This post will make more sense if you read yesterday's post first.
Yesterday I went to see a counselor. We started by asking God's protection over the time, that no lying spirits would speak, only the Spirit of truth, in the name of the Lord Jesus Christ.
Now I know that for some of you reading this, that might make no sense at all - -- might seem like a bunch of mumbo jumbo. Your reaction might be similar to that I feel when I see people using crystals. I hope you hear me out anyways.
I told Susan, the counselor, of a time when I was a kid -- of six? eight years? -- when I had some disagreement with my mom.
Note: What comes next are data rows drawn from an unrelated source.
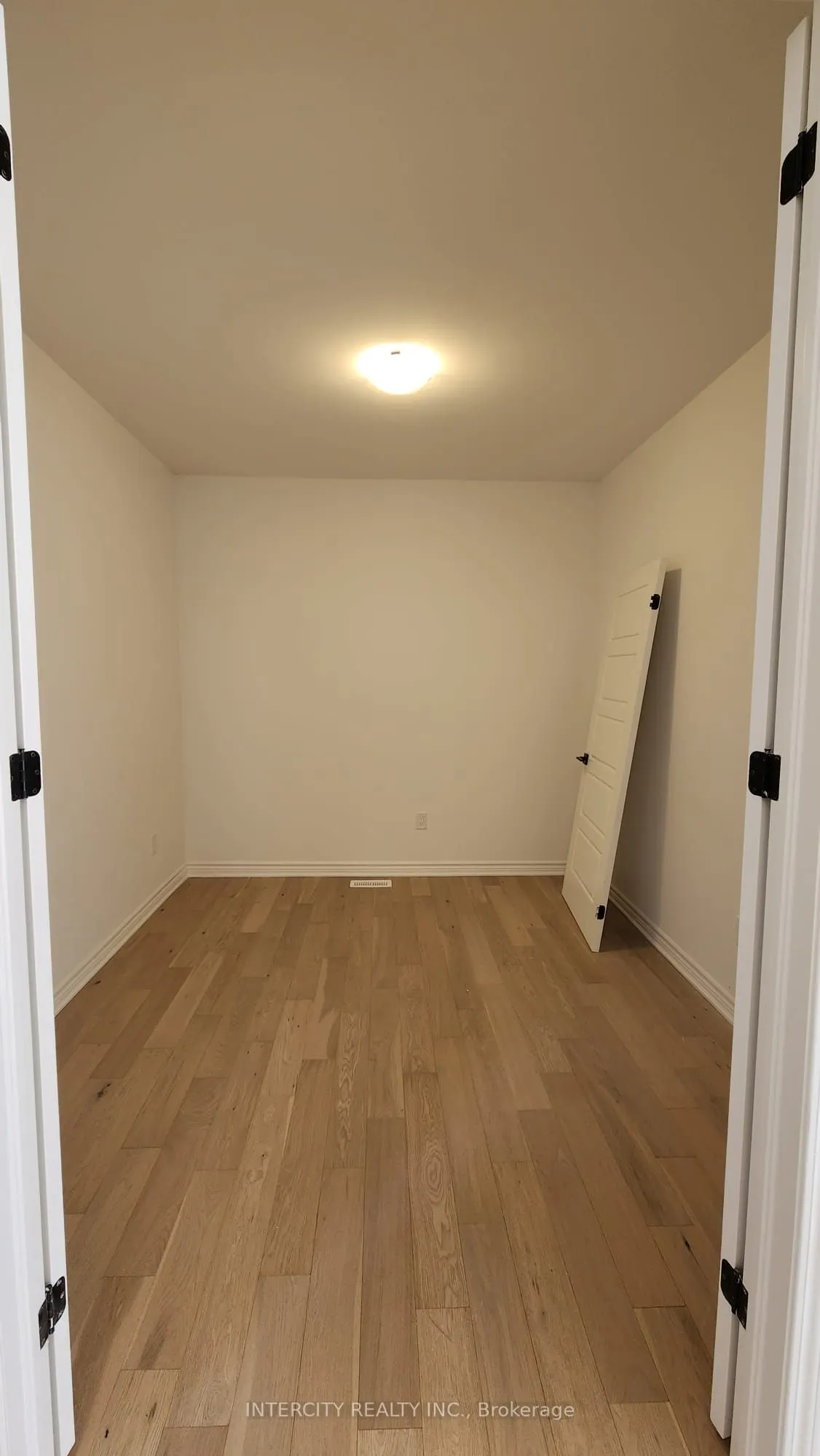 181 Forestwalk Street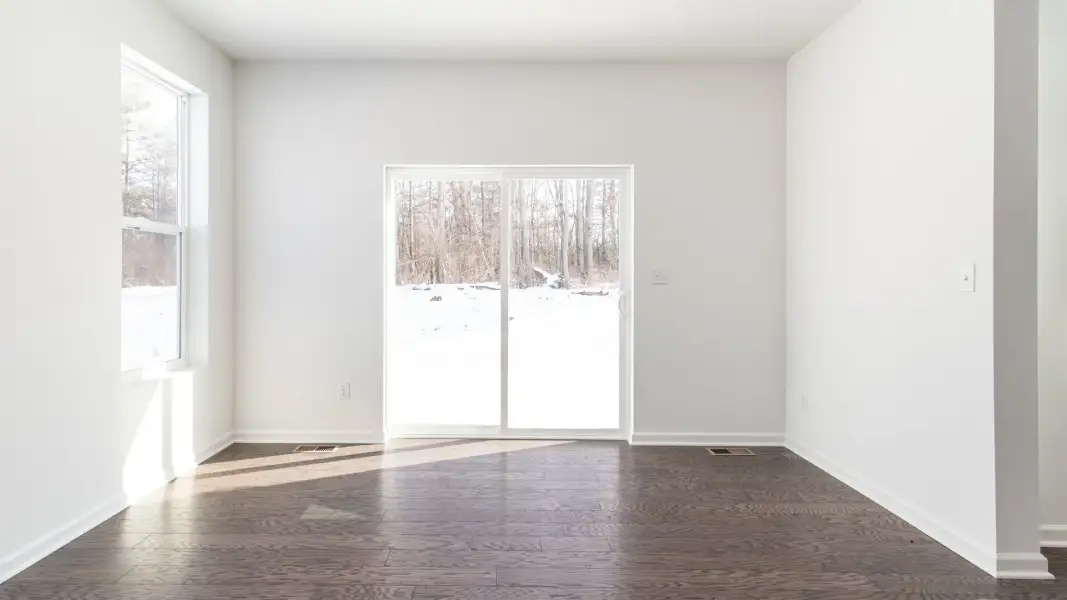 Representative unfurnished interior of a home built from the The Middleton by Norfolk Homes in Offsite Builds Southern Michigan, Ann Arbor (Image 77).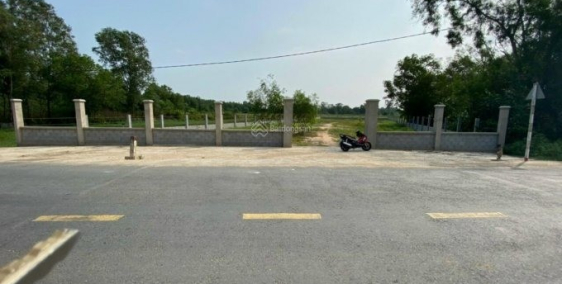 Bán hơn 2000m2 đất Củ Chi - LH: 0975436333 - HHMG 1%.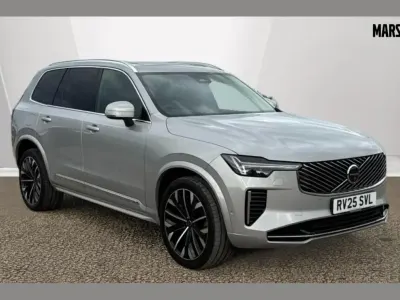 Usado Volvo XC90 Ultra 455 HP (334 kW) 2025 Prateado SUV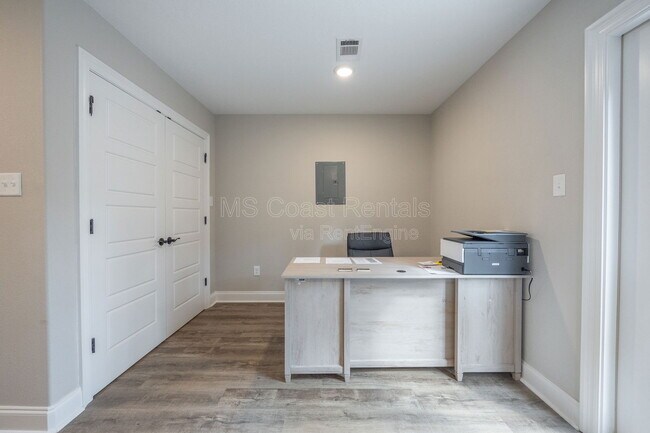 Building Photo - 923 Motsie Rd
My mom was incensed at my lack of respect -- probably the tone of voice I used. I don't think I called my mom any names, even as a teenager. She told me that when my dad got home, he would deal with me.
Well, he did. With his belt. The first and the last time he did that. Even now I can see him out on the concrete patio pulling his thin, brown leather belt out of the grey loops of his trousers. It's been just a shadow of a memory in my mind lately, no feeling attached to it. But as I talked to Susan the dread came ebbing back, then a flood of terror and anger. I felt betrayed by my dad. He hadn't even listened to my side of the story -- just acted on what my mom said.
Susan asked me, "What did you decide on the basis of that?"
"To be very good and very smart."
That sums up well the thrust of my life -- such a burden. After this, I explored wtih Susan another memory that portends me taking on jobs too big for me in order to forestall conflict, keep anger at bay.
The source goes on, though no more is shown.